=== Begin Enclosure ===

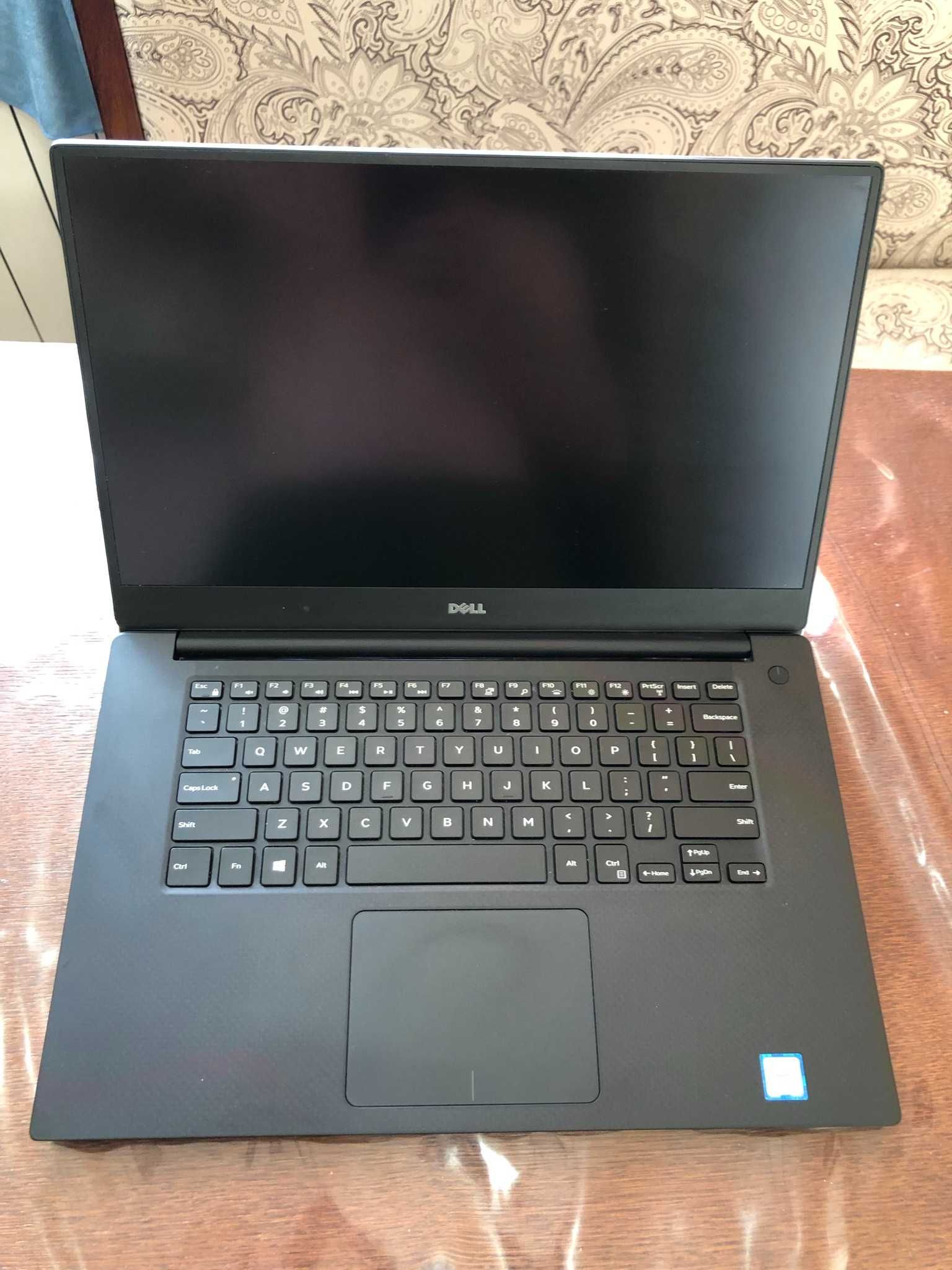 Ультрабук 15" FHD Dell Precision 5530 (Xeon E-2176M/32/SSD512Gb/P1000)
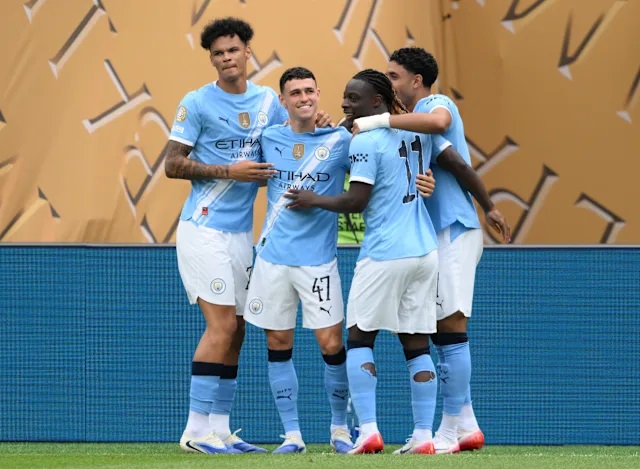 Man City thắng đậm Wydad Athletic nhưng mất người vì thẻ đỏ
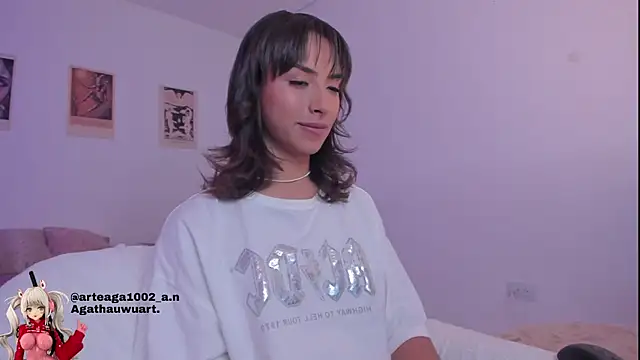 Moonlight1002 online show from 10/09/25, 01:25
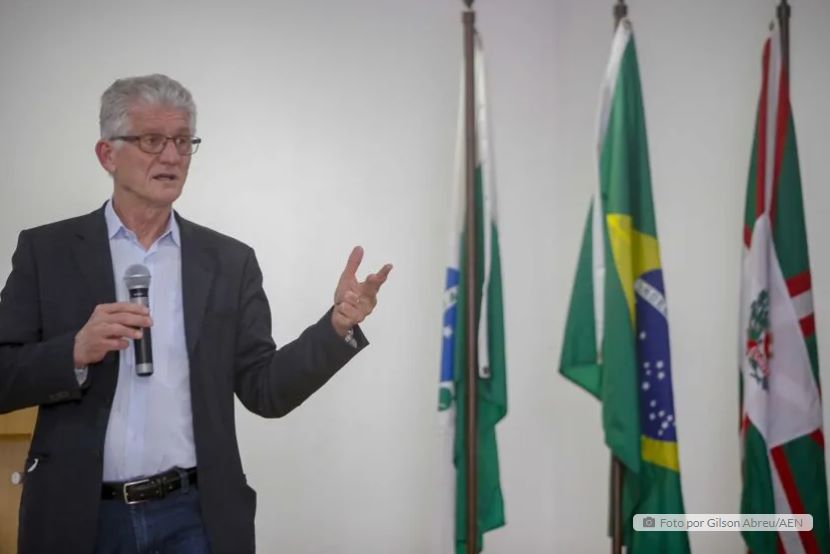 Ortigara diz que assunto “taxa do agro” do Paraná está superado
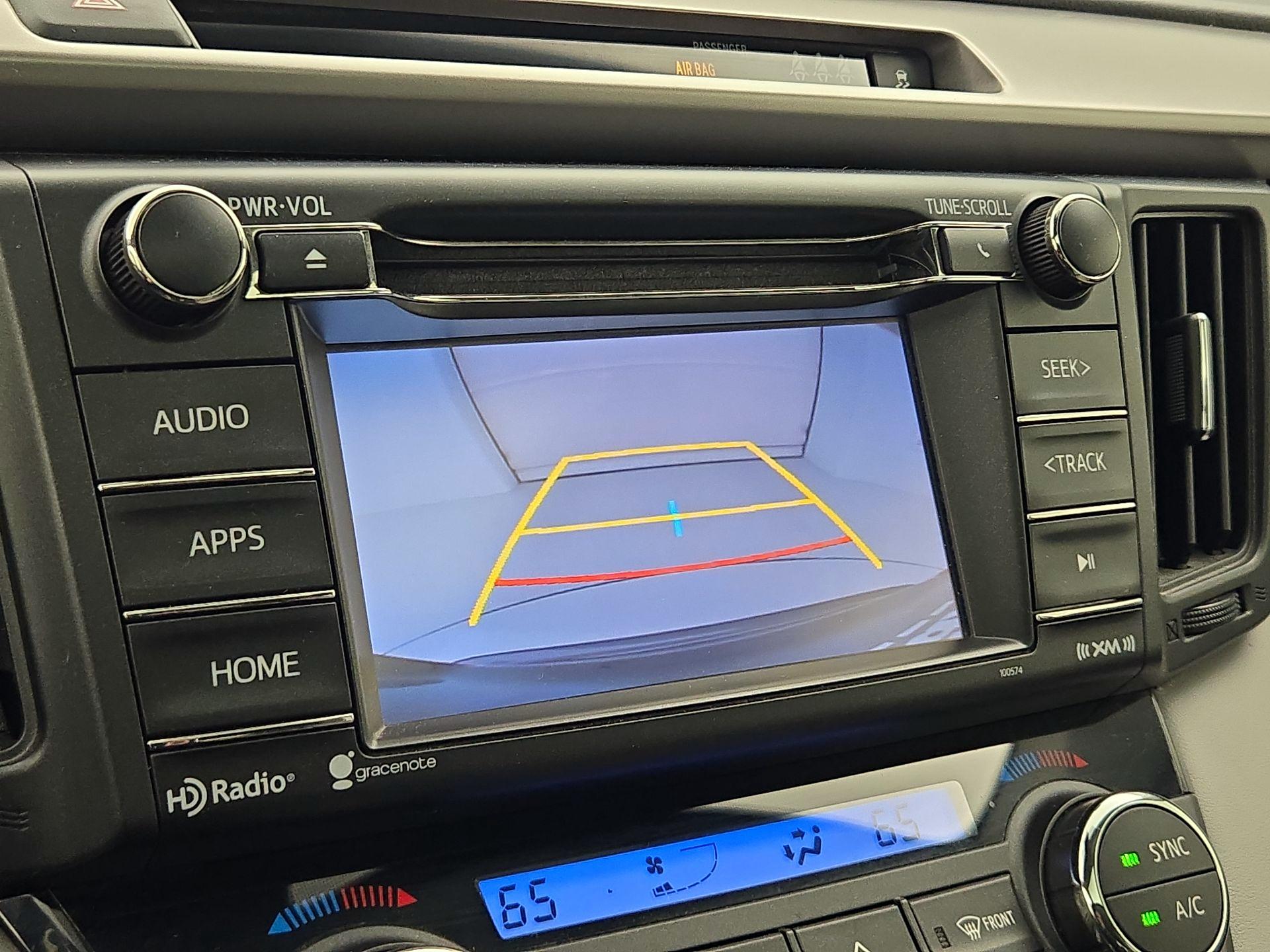 Thumbnail: 2018 Toyota RAV4 - 14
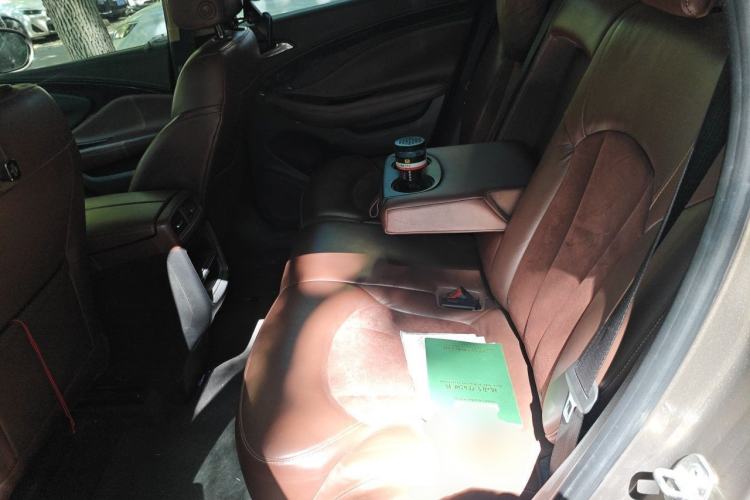 Used Buick Envision 2016 20T Two-Wheel-Drive Elite Model Left Rear Seat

=== End Enclosure ===

* Task brief *
Give back the material above word for word; no picture belongs in it.

* Answer space *
 Ультрабук 15" FHD Dell Precision 5530 (Xeon E-2176M/32/SSD512Gb/P1000)
 Man City thắng đậm Wydad Athletic nhưng mất người vì thẻ đỏ
 Moonlight1002 online show from 10/09/25, 01:25
 Ortigara diz que assunto “taxa do agro” do Paraná está superado
 Thumbnail: 2018 Toyota RAV4 - 14
 Used Buick Envision 2016 20T Two-Wheel-Drive Elite Model Left Rear Seat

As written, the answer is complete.